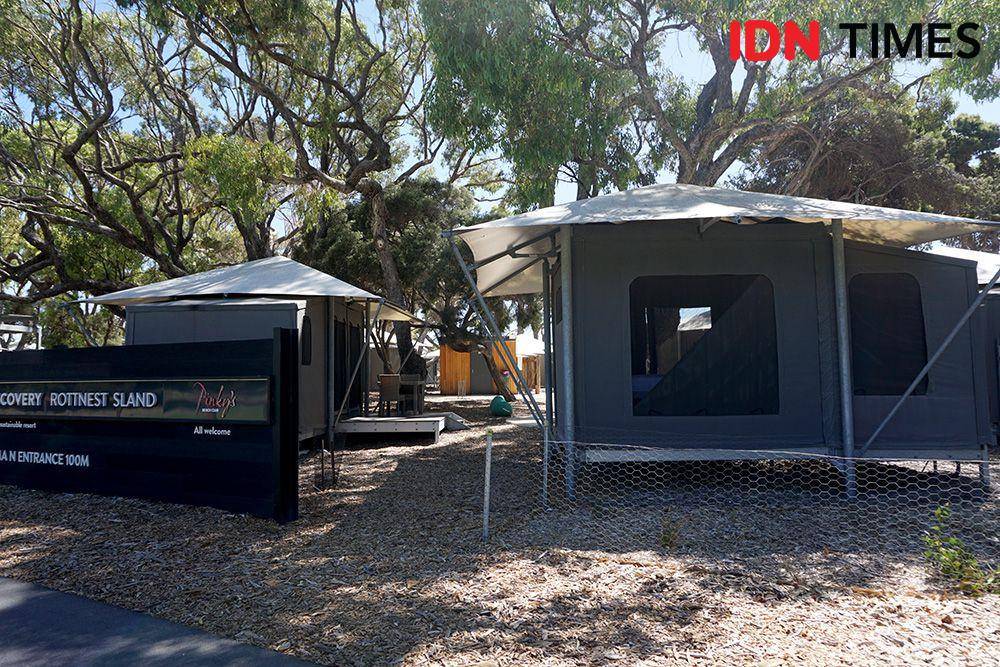 Lokasi Glamping Discovery Rottnest Island, Pantai Pink, Pulau Rottnest, Australia Barat (IDN Times/Arifin Al Alamudi)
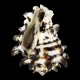 Sea shells Vasum turbinellus, size: 6-7cm
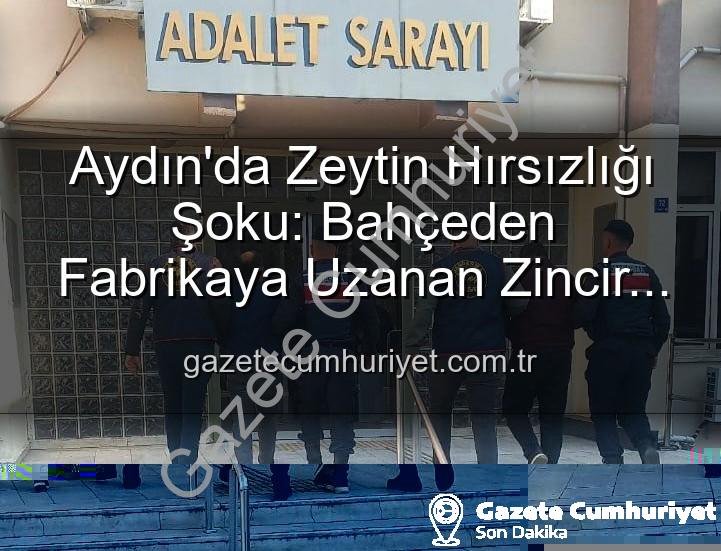 zeytin hırsızlığı - Aydın'da Zeytin Hırsızlığı Şoku: Bahçeden Fabrikaya Uzanan Zincir Çökertildi, 2 Gözaltı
============================================================
Exercise:
Everything above except the pictures needs to be reproduced exactly.

Solution for this task:
 Lokasi Glamping Discovery Rottnest Island, Pantai Pink, Pulau Rottnest, Australia Barat (IDN Times/Arifin Al Alamudi)
 Sea shells Vasum turbinellus, size: 6-7cm
 zeytin hırsızlığı - Aydın'da Zeytin Hırsızlığı Şoku: Bahçeden Fabrikaya Uzanan Zincir Çökertildi, 2 Gözaltı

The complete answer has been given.